Il convient maintenant de se recentrer et de se concentrer sur ce qui doit impérativement être fait. Si au plan stratégique, le terrain de la lutte de classe présente toujours, déjà du temps de Marx et Engels, la nécessité d’une réadaptation constante ; et s’il est vrai que la réalité de la lutte de classe aujourd’hui a un visage entièrement différent qu’aux siècles précédents, il n’en demeure pas moins que la base théorique ne fait que confirmer, à chaque retournement, à chaque événement, à chaque crise, son adéquation avec les faits.
Nous vivons en 2020 le début d’une crise majeure à l’échelle mondiale d’une ampleur jamais connue par le passé. Cette crise a à bien des égards dans ses développements un caractère spécifique, une originalité propre. Mais elle ne surgit pas de nulle part, et les outils théoriques permettant une analyse et une compréhension juste de ses déterminations nous sont connus depuis déjà longtemps.
Il faut donc, plus que jamais en cette époque de révolution qui s’amorce, continuer à creuser pour comprendre ce qui se passe réellement, en quoi spécifiquement la situation de la lutte de classe diffère d’avec ce qu’elle fut dans le passé, quels outils théoriques nous permettent d’y arriver, et quelles sont les limites théoriques qu’il convient de dépasser pour parfaire cette compréhension. Et, du même mouvement, dans la pratique, établir ce qui doit être fait en général, comment cela peut être accompli et à quels niveaux il faut concentrer l’action.
Le mensonge en tant que secret dissimulé :
le hiéroglyphe du capital
Plus le capital s’enfonce dans sa crise, plus la nécessité de dissimuler ses incohérences internes se fait sentir. Nous vivons à cet égard une époque exceptionnelle ! C’est du jamais vu ! Tout est mensonge ! Or ce mensonge a sa vérité, ses déterminations, sa structure, ses institutions. Son domaine d’expression, c’est le langage, le discours, la représentation, l’image. La réalité est complètement dissociée de la représentation. C’est le spectacle marchand, se substituant entièrement à la vie réelle, tel que le décrit Guy Debord. Les choses (comme les gens) ne sont plus considérées pour ce qu’elles sont, mais ce qu’elles représentent. Ce renversement dans la signification du concept s’accompagne nécessairement, comme nous l’a rappelé George Orwell, d’un renversement dans le sens des mots. La réalité de ce processus de dissociation n’a jamais été aussi vraie, aussi criante que maintenant, alors que le capital parachève l’accomplissement de sa domination sur l’ensemble du globe, sur la totalité du champ de l’activité humaine.

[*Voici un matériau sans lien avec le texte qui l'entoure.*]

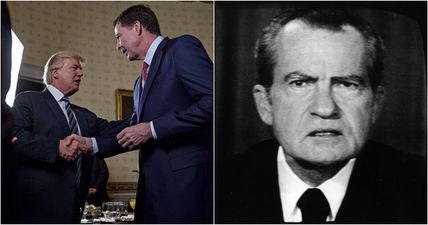 Donald Trump compared to Richard Nixon after firing FBI Director James Comey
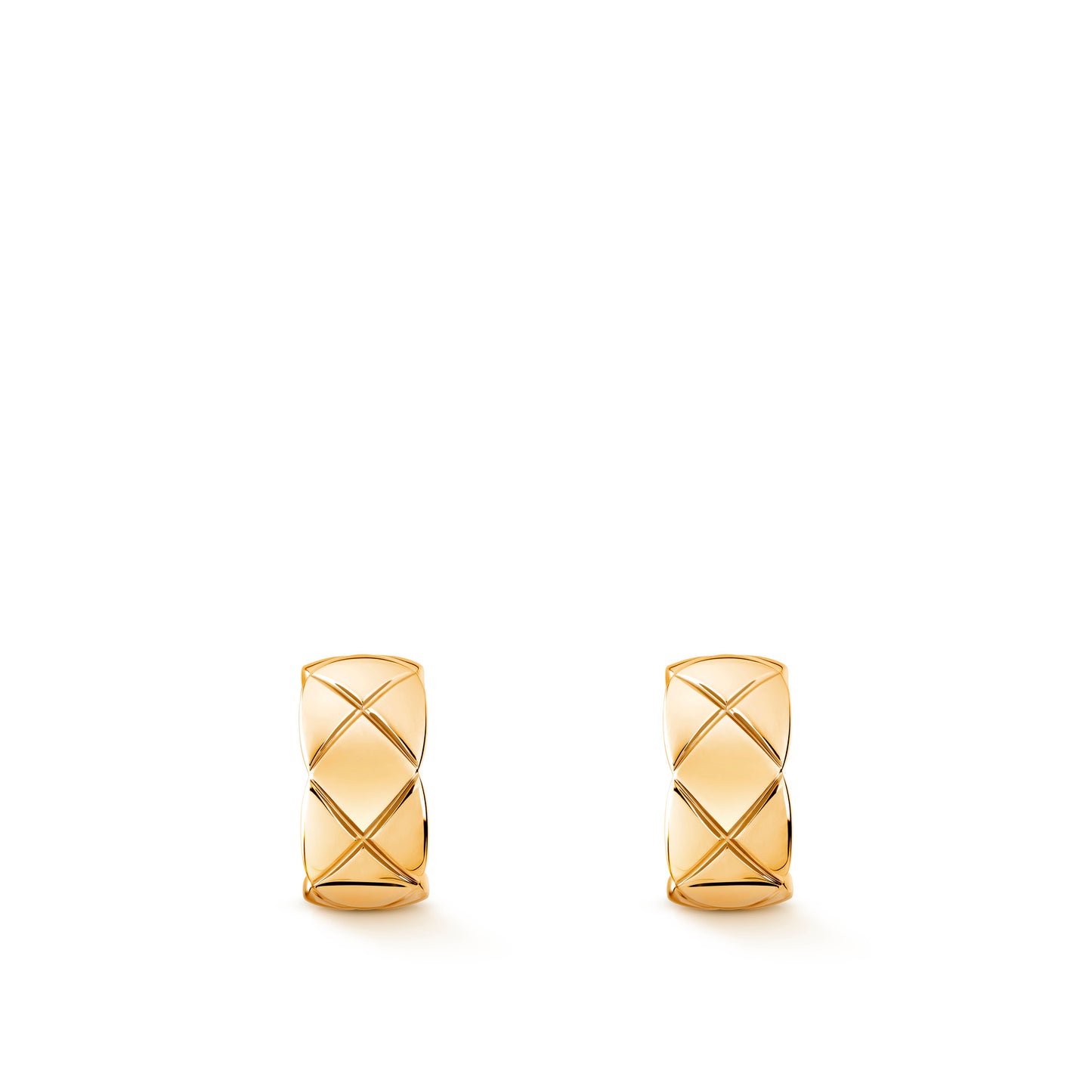 CHANEL COCO CRUSH EARRINGS QUILTED MOTIF
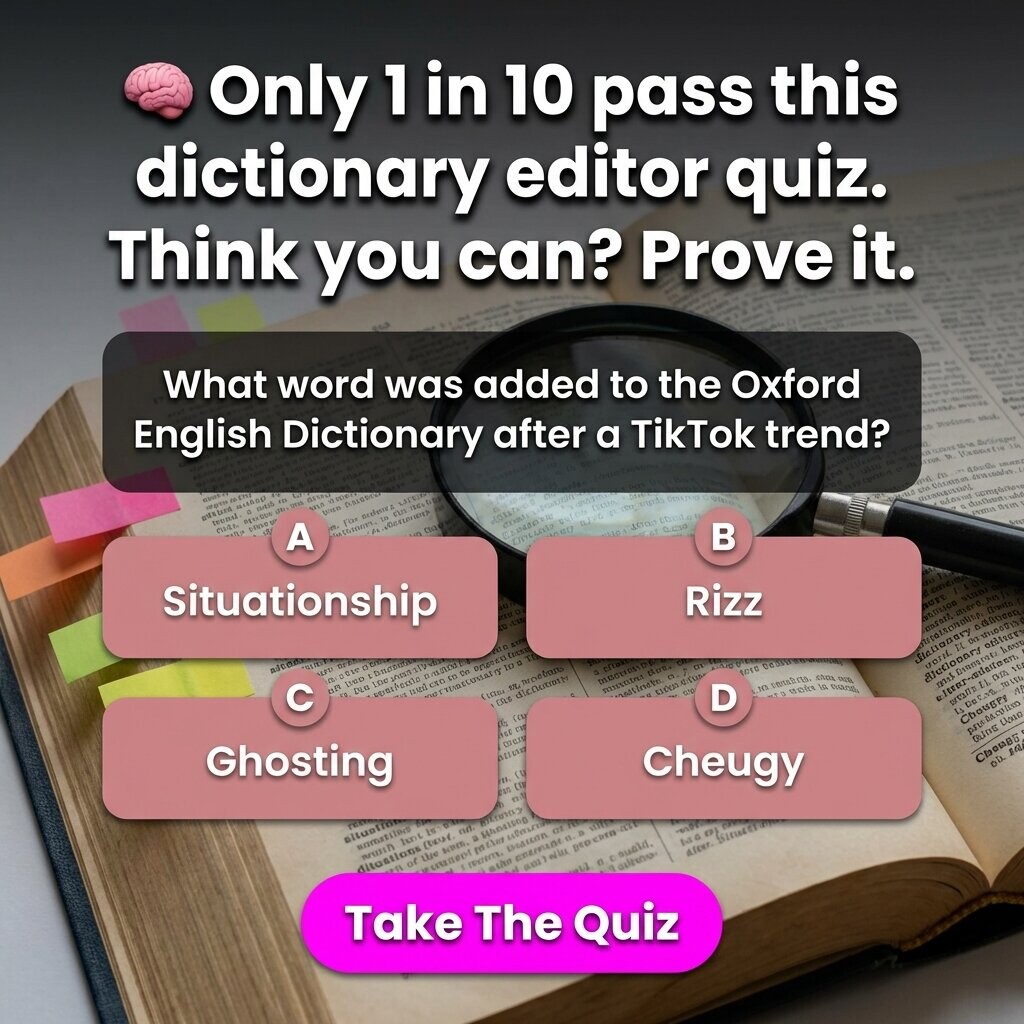 TVBee World Facebook ad: Are You Smarter Than a Dictionary Editor?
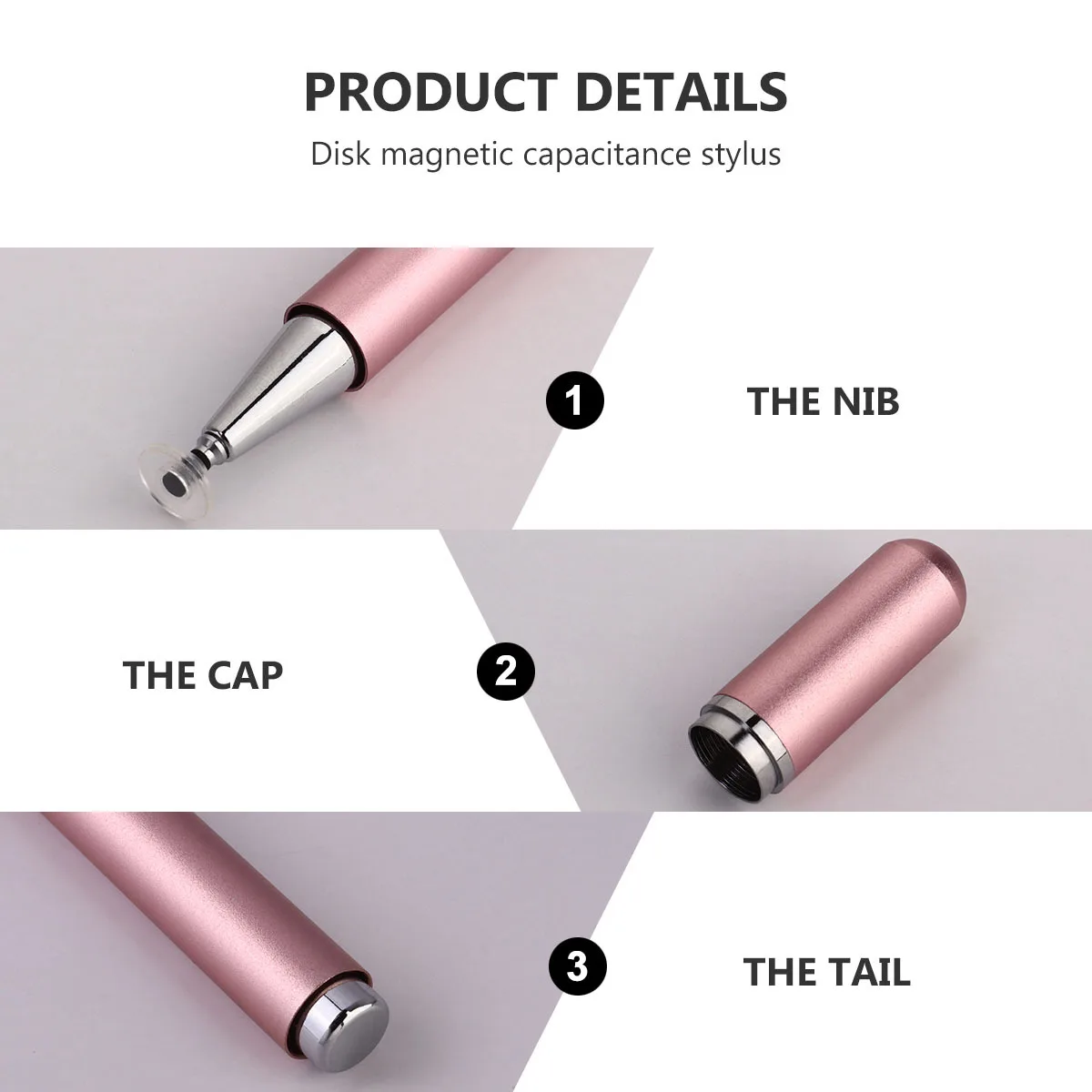 

1Pcs Rose Gold Stylus Pen Durable Tablet Stylus for All Touch Screen Phones Tablets Compatible Point Reading Machine Computer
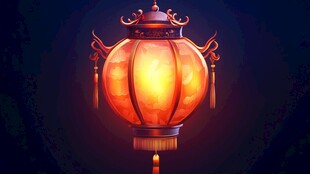 中式古风灯笼 点亮神秘夜色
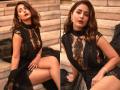 Hina khan brings glam to cannes 2022 in a black dress see pics - Hindi News | Hina khan brings glam to cannes 2022 in a black dress see pics | Latest entertainment Photos at Lokmattimes.com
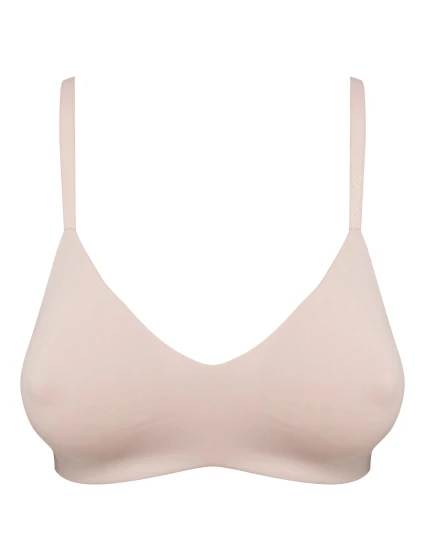 Dámská nevyztužená podprsenka Unlined Triangle QF4777E - Calvin Klein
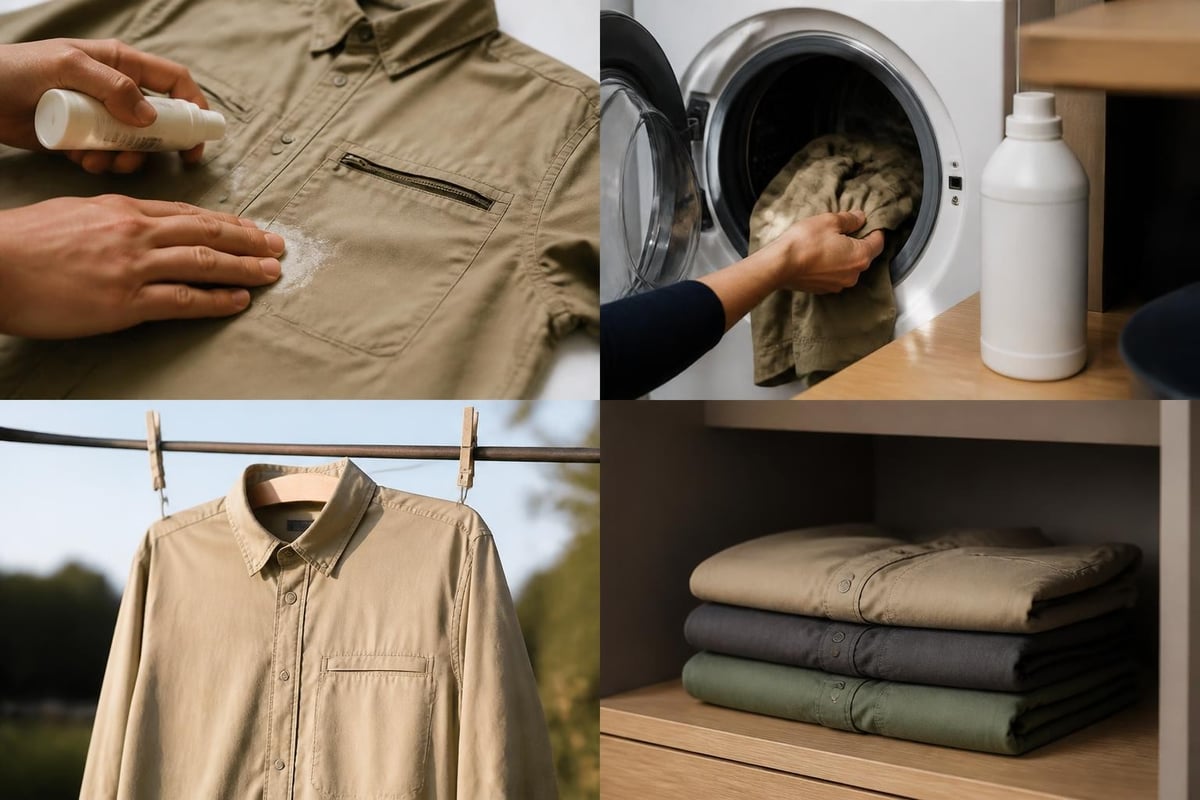 Gravel shirt care and maintenance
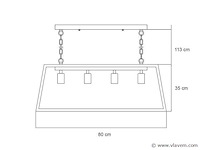 Lexington ambiente stalen hanglamp - afbeelding 7 van  10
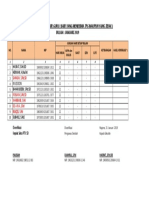 Rekap Daftar Hadir Guru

Tout cela avait été non seulement pressenti, mais posé théoriquement par Marx. La clé de la compréhension critique de notre époque, c’est ce que Marx désigne « hiéroglyphe » du capital, qui explique à la fois ce que le capital doit à tout prix dissimuler et comment la dissimulation prend forme. C’est l’intelligence de ce processus qui permet de comprendre, de saisir d’emblée la réalité que le mensonge cherche à dissimuler derrière le phénomène.
La valeur ne porte donc pas écrit sur le front ce qu’elle est. Elle fait bien plutôt de chaque produit du travail un hiéroglyphe.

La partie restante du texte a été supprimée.